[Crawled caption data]
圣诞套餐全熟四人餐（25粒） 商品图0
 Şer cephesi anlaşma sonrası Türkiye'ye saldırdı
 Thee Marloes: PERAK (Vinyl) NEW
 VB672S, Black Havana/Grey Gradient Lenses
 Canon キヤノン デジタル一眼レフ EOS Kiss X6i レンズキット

### Instructions to follow
Your reply should match the data above exactly, line for line.

### Solution to this exercise
圣诞套餐全熟四人餐（25粒） 商品图0
 Şer cephesi anlaşma sonrası Türkiye'ye saldırdı
 Thee Marloes: PERAK (Vinyl) NEW
 VB672S, Black Havana/Grey Gradient Lenses
 Canon キヤノン デジタル一眼レフ EOS Kiss X6i レンズキット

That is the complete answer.